For a one-sample z-test, SEM = \(\frac{\sigma}{\sqrt{n}}\). So, SEM \(= \frac{5.9}{\sqrt{22}}\).

Thus, SEM here is \(1.257884\)

\(z = \frac{2.4}{1.257884} = 1.907966\)

According to the empirical rule (68-95-99.7), we are just short of being outside \(\pm\) 2 standard deviations from the population mean, so this would not be statistically significant at \(\alpha = .05\)

3.2.3 📝Homework problems📝

The average mile time is 10 minutes (SD = 2). Your 4-week average is 8 minutes. What’s the z-score for your average run time?
Suppose the average number of songs on a one hour and fifteen minute concert set list is 15, with a standard deviation of 3. You look at 9 concerts by a band you like, and they average 11 songs per show. What is their z-score compared to the population?
Suppose the average adult watches 20 hours of TV per week, with a population standard deviation of 5 hours. You collect data from a random sample of 16 college students and find that they watch an average of 16 hours of TV per week. The sample had a standard deviation of 4.2 hours. What is the z-score for the sample mean compared to the population?
The average number of hours people sleep per night is 7.5 with a standard deviation of 1.2 hours. A sample of 25 nurses yields a z-score of -1.25 when compared to the population. What was the average number of hours slept in the sample?
In a study of 64 teachers, the sample mean stress score was 58. The population standard deviation is 8, and the z-score was calculated to be 1. What was the assumed population mean?
A sample of 36 students had an average math score of 82. The population mean is 88, and the z-score comparing this sample to the population was -3. What is the population standard deviation?
A sample had a mean of 74 compared to a population mean of 70. The population standard deviation is 4. The resulting z-score was 2. What was the sample size?

3.3 Confidence Intervals for the Group Z-Test

3.3.1 🧠Referesher🧠

It’s appropriate to construct confidence intervals (CIs) using z-scores when the population standard deviation is known and the population is normally distributed (or the sample size is large enough for the Central Limit Theorem to apply).

A CI takes a point estimate—such as a sample mean—and transforms it into a range of plausible values for the population parameter. It’s a way of hedging your bets: by accounting for sample size and variability, you generate a margin of error around your estimate that reflects the uncertainty inherent in sampling.

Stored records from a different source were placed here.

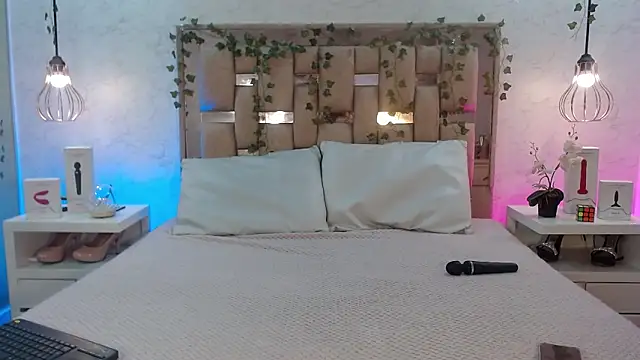 GigiVolkova online show from 11-28-25, 02:12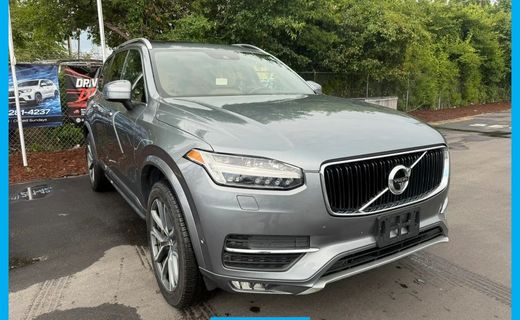 2017 Volvo XC90 Momentum
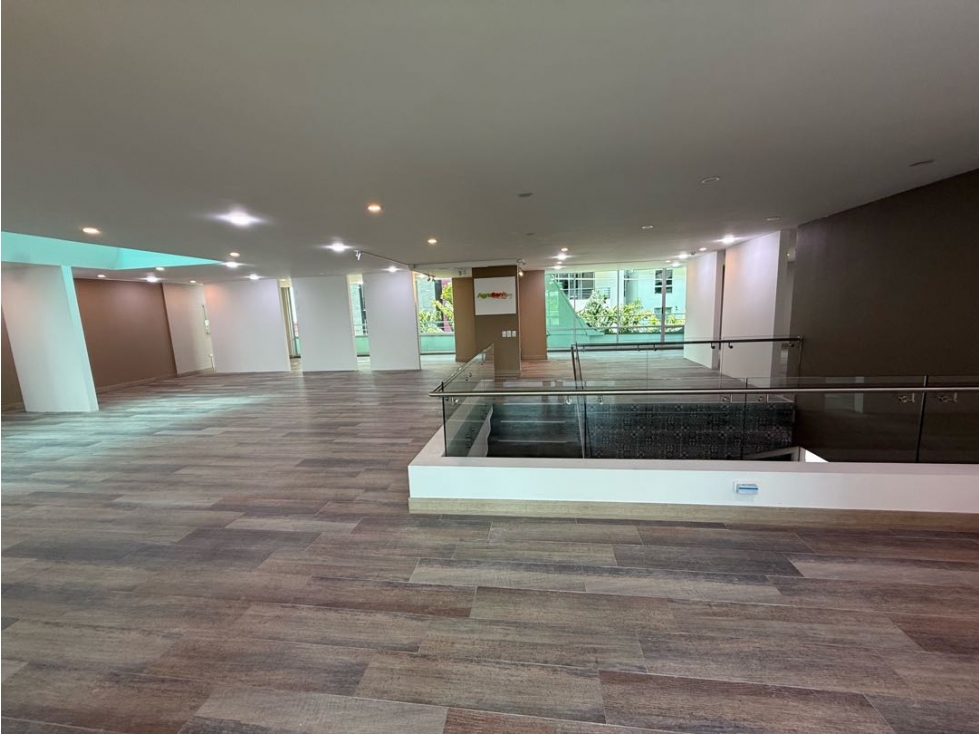 SE ARRIENDA LOCAL EDIFICIO ATLANTIS — foto 4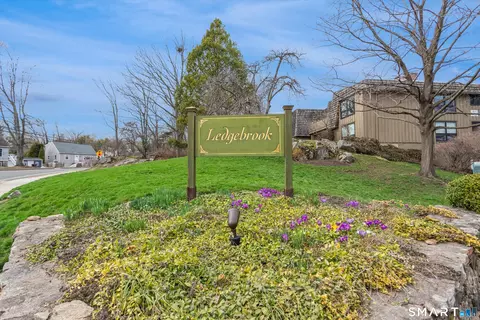 82 Ledgebrook Dr #82, Norwalk, CT 06854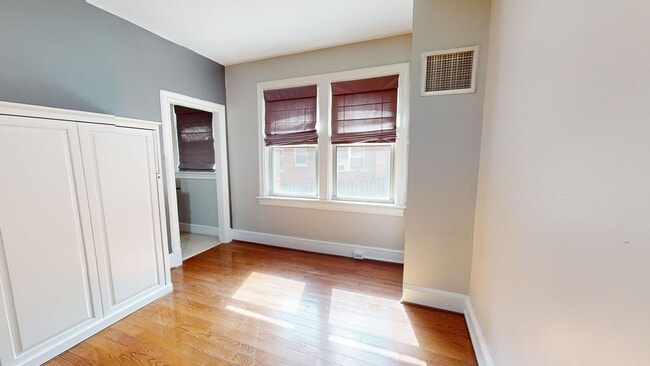 Building Photo - Lovely Studio Apartment in the HEART of Cl...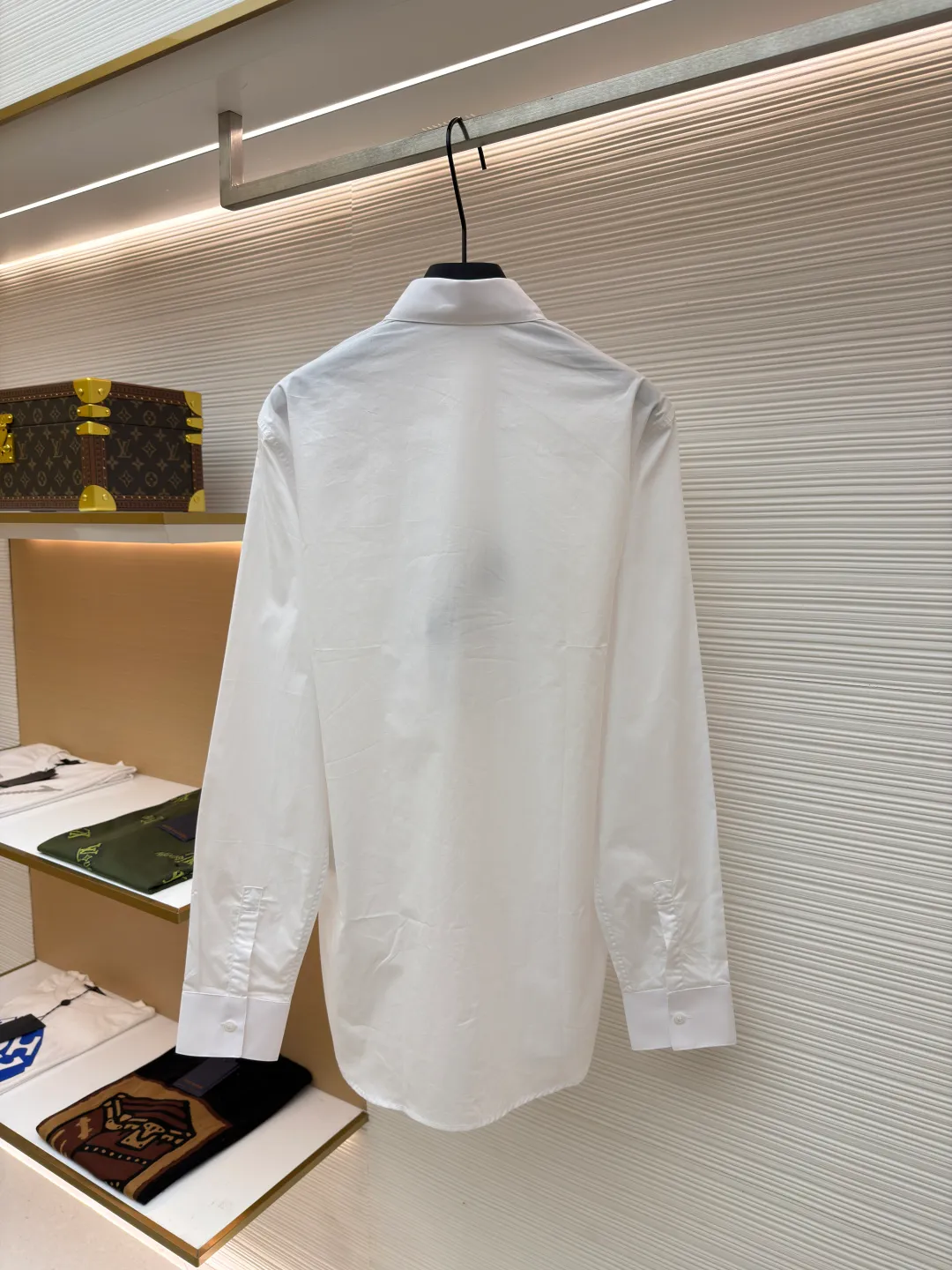 DIOR label cotton poplin lapel patch pocket long-sleeved shirt ●Original version: 8200 purchased and developed ●Item number: 1680914-A60 ●Fabric: cotton poplin satin fabric ●Technology: patch production ●Version: fitted version ●Weight: about 195 grams ●Size: 36-38-40-42 ●Description: The fabric is made of cotton poplin satin fabric, 75D interlining, artificial overlocking, artificial patching, and customized 1:1 accessories. The overall wiring is straight and delicate, the fabric is comfortable and soft, and the color is consistent without color difference. It can be matched with the same style to create a fashionable look and control various occasions. Customized accessories, complete with three standards, same style for men and women!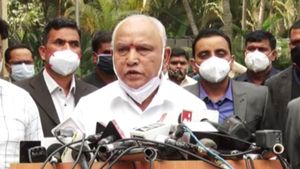 Hint: ఒక్కమాటైనా వింటున్నారా ?, మంత్రాలకు చింతకాయలు రాలవు, మేమే డిసైడ్ చేస్తాం, సీఎం!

You want to take your point estimate, \(\bar{x}\), and add a “plus or minus” (\(\pm\)) amount to express the uncertainty around it. That “amount” is determined by two things: (a) the standard error of the mean, and (b) the z-score that corresponds to your desired level of confidence. For a 95% confidence interval, we’ll always use the same z-score: \(\pm 1.96\), which captures the middle 95% of the normal distribution. While we’ll need to calculate (a) each time based on the data, (b) stays constant. So, the 95% confidence interval for \(\bar{x}\) is:

\[ \bar{x} \pm SEM \times 1.96 \]

3.3.2 💪Worked examples💪

3.3.2.1 Problem 1

You think goths have a higher IQ than the population. Recall, for IQ, \(\mu\) = 100 and \(\sigma\) = 15. You sample 8 goths and find an average sample IQ of 109. Calculate a 95% CI for this sample mean.

Show answer

Step 1: Organize your info

\(\bar{x} = 109\), sample mean
\(n = 8\), sample size
\(\mu = 100\), population mean
\(\sigma = 15\), population standard deviation for IQ

Step 2: Plug everything into the right place

We want the 95% confidence interval for \(\bar{x}\), which is:
\(\bar{x} \pm (SEM \times 1.96)\)

Compute SEM:
\(SEM = \frac{\sigma}{\sqrt{n}} = \frac{15}{\sqrt{8}} \approx 5.3033\)

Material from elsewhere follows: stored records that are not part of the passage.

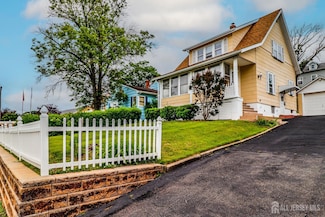 1107 River Rd, Piscataway, NJ 08854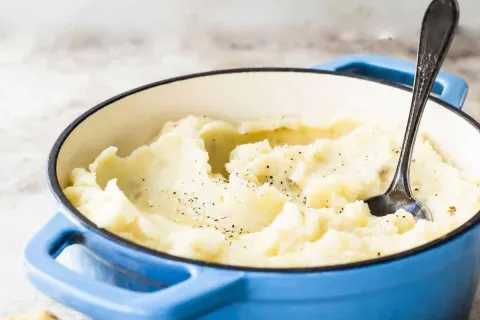 Що приготувати з залишків пюре: простий рецепт апетитних картопляних оладок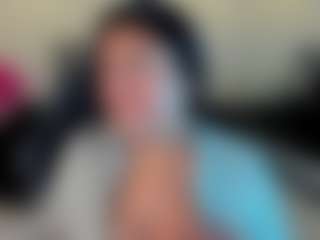 Dulcinea-2's Live Sex Cam Show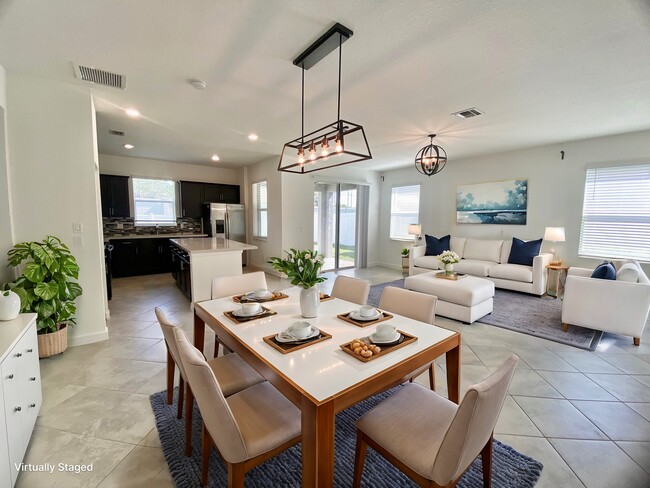 7879 NW Greenbank Cir in Port St. Lucie, FL - Building Photo - Building Photo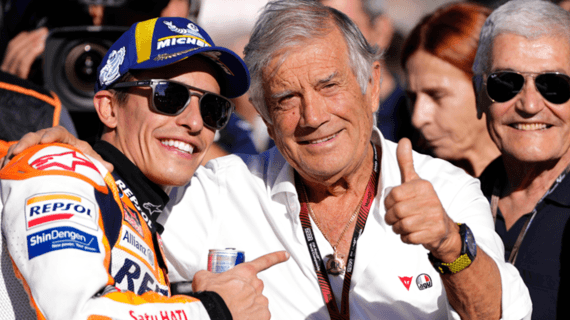 Giacomo Agostini con Marc Márquez.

Now plug into the CI formula:
\(109 \pm (5.3033 \times 1.96) = 109 \pm 10.39\)

Final result:
The 95% confidence interval is approximately [98.61, 119.39]

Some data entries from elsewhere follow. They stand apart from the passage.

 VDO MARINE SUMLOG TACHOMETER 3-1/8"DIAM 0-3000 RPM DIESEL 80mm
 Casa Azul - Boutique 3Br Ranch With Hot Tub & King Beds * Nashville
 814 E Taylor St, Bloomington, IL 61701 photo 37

So, we observed an average sample IQ of 109 for our goths, but given randomness, uncertainty, and a small sample size, we must admit that the population average IQ for goths could plausibly be anywhere between 98.61 and 119.39.

3.3.2.2 Problem 2

You think that chess enthusiasts might have a higher average IQ than the general population. You find 500 chess enthusiasts and their average sample IQ was 101. Calculate a 95% CI for this sample mean.

Show answer

The 95% confidence interval (CI) for \(\bar{x}\) is calculated as:
\[ \bar{x} \pm SEM \times 1.96 \]

Plugging in the numbers:
\[ 101 \pm \frac{15}{\sqrt{500}} \times 1.96 \]

Calculate SEM:
\[ SEM = \frac{15}{\sqrt{500}} \approx 0.6708 \]

So the CI becomes:
\[ 101 \pm 0.6708 \times 1.96 = 101 \pm 1.3148 \]

Interpretation:
The chess enthusiasts’ average IQ is likely between approximately 99.69 and 102.31. Because this interval includes the population mean of 101, we cannot rule out that their average IQ is the same as the general population. Given how narrow the interval is, we can be confident their IQ is very close to the population average.

3.3.3 📝Homework problems📝

A random sample of 36 students at a university had an average exam score of 82. Assume the population standard deviation is 6 and the population is normally distributed. Construct a 95% confidence interval for the average exam score of all students at the university.
A researcher wants to estimate the average number of hours people sleep per night. A random sample of 25 adults had a mean of 7.2 hours. The population standard deviation is known to be 0.8 hours. (The sample standard deviation was 0.75.) What is the 95% confidence interval for the population mean number of hours slept?
You are told that a 95% confidence interval for a population mean is (12.5, 15.5), and that the standard error of the mean (SEM) is 1.5. What was the sample mean?
A researcher found a sample mean of 50, and reported a 95% confidence interval of (47.04, 52.96). What was the standard error of the mean (SEM) used to construct this interval?
A sample of students at my charter school had an average ACT score of 28.3 (SEM = 0.7). What is my best (95%) estimate for the upper bound of the true average ACT score at the school?
For Question #5, what is my best (95%) estimate for the lower bound of the true average ACT score at the school?
A researcher calculates a 95% confidence interval for the average test anxiety score of homeschooled students and finds it to be (53.2, 59.8). The national average anxiety score for high school students is 50. Based on this confidence interval, is the difference statistically significant?
A psychologist computes a 95% confidence interval for the average hours of sleep college students get during finals week and finds it to be (5.6, 7.4). The typical college student is reported to get 7 hours of sleep. Based on this confidence interval, is the difference statistically significant?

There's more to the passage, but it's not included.